North Korea provocations — What does Kim Jong Un want?
North Korean leader Kim Jong Un has overseen a sharp increase in missile tests recently. Another nuclear test is expected in the coming weeks.
There is widespread anticipation that Kim will order another underground nuclear test at the Punggye-ri testing ground
North Korea announced on Monday that the missile it had launched over northern Japan on October 2 was a “new-type ground-to-ground intermediate-range ballistic missile,” while state media reported the same day that the nation’s dictator Kim Jong Un had recently observed exercises by his tactical nuclear units.
The two weeks of exercises by the North Korean military involved nuclear-capable ballistic missiles, warplanes and other assets to practice possible strikes on South Korean and US targets. There is widespread anticipation that Kim will order another underground nuclear test at the Punggye-ri testing ground.

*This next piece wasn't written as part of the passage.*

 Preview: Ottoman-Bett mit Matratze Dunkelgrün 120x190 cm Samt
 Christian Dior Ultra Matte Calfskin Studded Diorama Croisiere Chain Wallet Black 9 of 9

Pyongyang insisted that the flurry of missile launches and military exercises are defensive and merely a reaction to joint drills off the Korean Peninsula involving naval units of the US, South Korea and Japan.
More aggressive stance
Analysts say that after several years of relative restraint, with a limited number of missile launches and the last nuclear test five years ago, North Korea may be returning to a more aggressive stance towards its rivals.

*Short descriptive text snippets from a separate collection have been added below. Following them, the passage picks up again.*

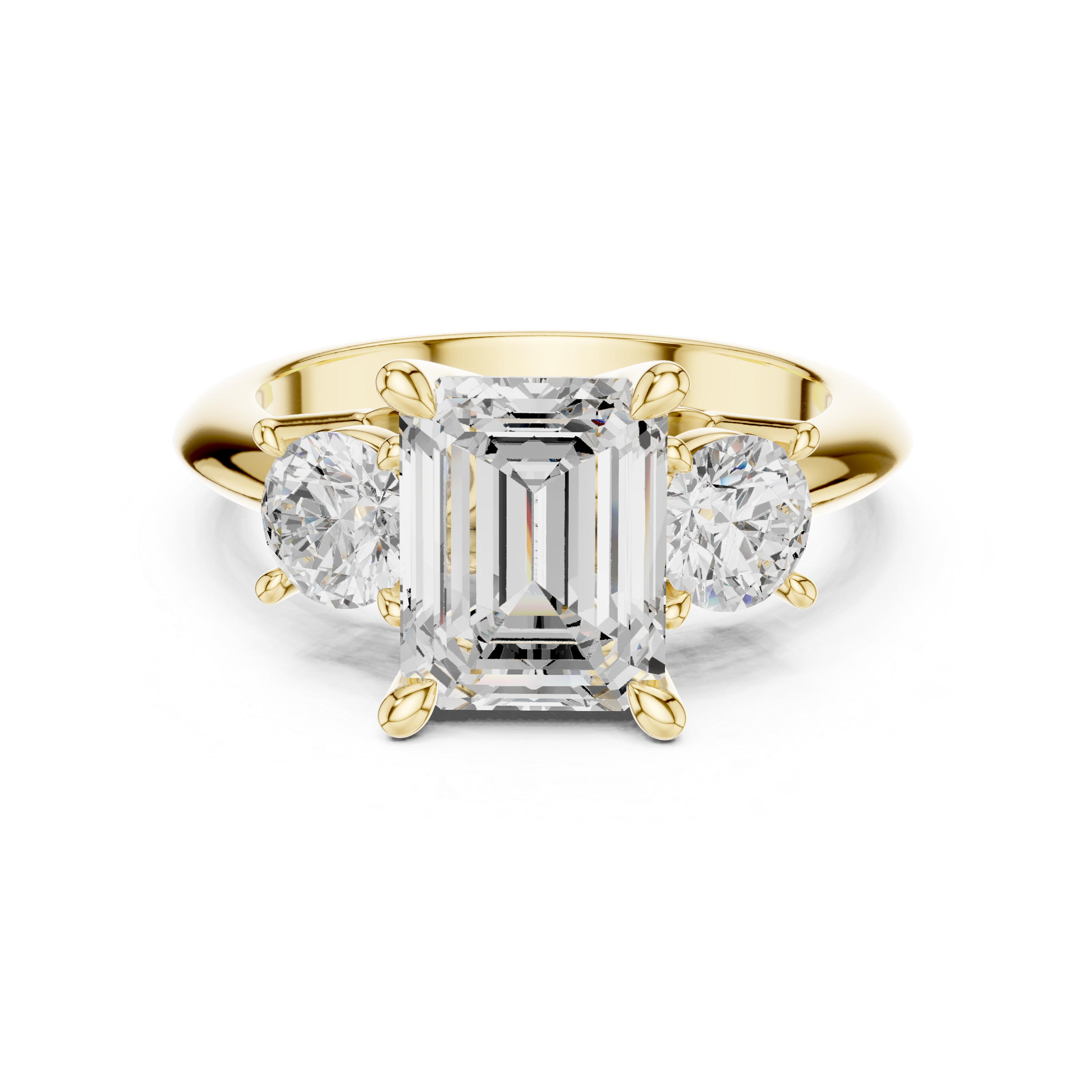 Emerald Cut Triple Stone Ring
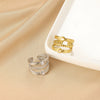 Ring Copper Microinlaid Zircon Geometric Star Ushaped Retro Electroplated For Women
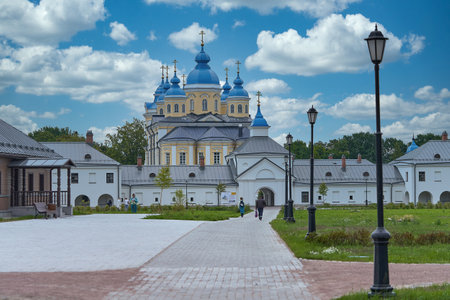 A group of religious pilgrims visited the Konevets Monastery in Russiaのeditorial素材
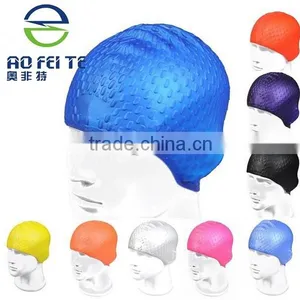 2015 Hot Sell Unisex Waterproof Elastic Diving Silicone Bathing Cap Swimming Hat thumbnail-1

Events in other parts of the world will not have been overlooked in Pyongyang.
North Korean missile launch a “nuclear attack simulation”
“North Korea has learned lessons from what we see happening in Ukraine,” said Dan Pinkston, a professor of international relations at the Seoul campus of Troy University.
“They can clearly see the utility and importance of having a nuclear weapons capability as Russia is using them in Ukraine as a deterrent to a NATO attack, but while they can be very effective in deterring enemies, nuclear weapons are not effective at all in compelling an enemy to do something,” he told DW.
“The North’s political objectives have been pretty consistent over time and they remain the same today,” Pinkston pointed out. “Fundamentally, North Korea says it is still fighting the revolution and will continue to do so until it has ‘final victory,’ which would be a united peninsula under North Korean control.”
Most immediately, it is exerting pressure to seek the lifting of international sanctions imposed on the regime for its nuclear and ballistic missile programs, as well as to be recognized as a nuclear power, Pinkston said, stressing that Pyongyang clearly believes — rightly or wrongly — that such recognition would bestow prestige and respect on the regime.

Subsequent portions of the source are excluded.